Improvements made in teaching but failings of curriculum reinforce children's sense of failure without adequate support programme.
Inspectors urge action on public schools
DUBAI // Public schools are teaching a weak yet rigid curriculum that forces too many children to repeat several years, according to a report released yesterday by the emirate's education watchdog.
The 2011 Annual Report by the Dubai Schools Inspection Bureau (DSIB), part of the Knowledge and Human Development Authority (KHDA), calls on the Ministry of Education to tackle weaknesses in the structure and implementation of the curriculum.
The KHDA began inspections in 2008, and found glaring shortcomings in the 79 government schools and 15 private schools that follow the ministry curriculum.
It noted poor skills in Arabic, English, maths and science. The education system has also been criticised for a lack of choice offered to older pupils, and inadequate tuition time.
Jameela Al Muhairi, the head of the inspection bureau, said many children had told inspectors they were unhappy with the way they were learning English. The result, she said, was that "their progress and attainment has, unfortunately, not been significant".
Though teaching had improved over the years, there was still much to be done to raise standards for the 27,213 pupils in public schools, according to officials.
The report has been forwarded to the ministry, which from September will be responsible for assessing public schools in Dubai.
One of the biggest hurdles was the large number of children who repeatedly fail their end-of-year examinations and have to repeat one or more years.
This included pupils with special educational needs and enforced many students' sense of failure year after year, the inspectors said. They found many cases of mismatch between the grade level and the age of the child, sometimes by about five years.

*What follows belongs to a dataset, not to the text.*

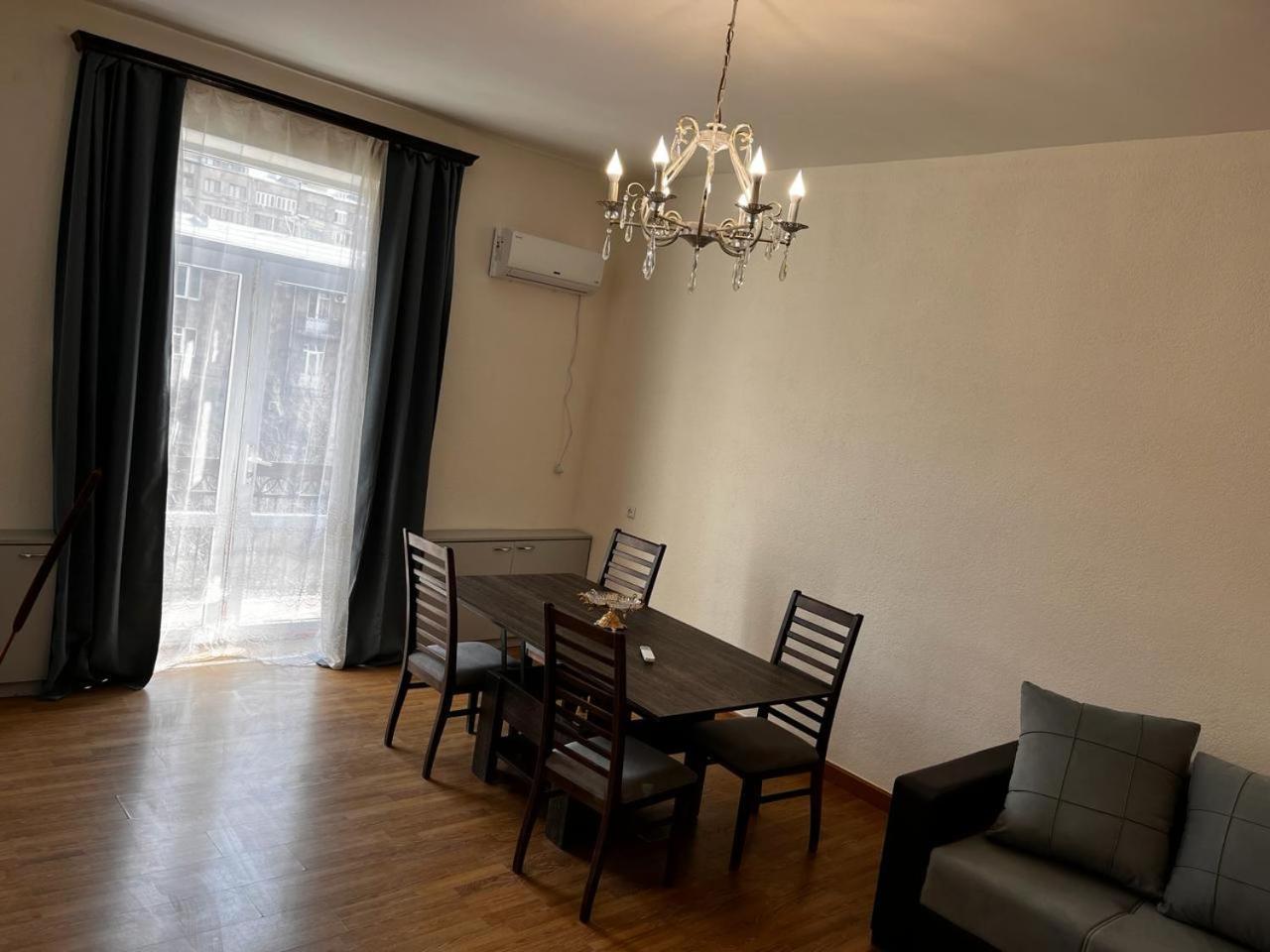 Komitas Apartement Erévan Extérieur photo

"We have seen 15- and 16-year-old children in grade four," she said, calling for the practice of failing pupils to be ended.
She pointed to Britain and Norway, where schools "do not believe in failing pupils".
"There should be a support programme in place for these children to continue their education."
Dr Natasha Ridge, the executive director of the Al Qasimi Foundation for Policy Research, said teachers were not trained to tailor their lessons to pupils' individual needs.
In cases where pupils were performing poorly, she said, “there needs to be an early intervention plan where the problem is identified and pupils are given the help they need to pass, rather than waiting for them to fail and holding them back.”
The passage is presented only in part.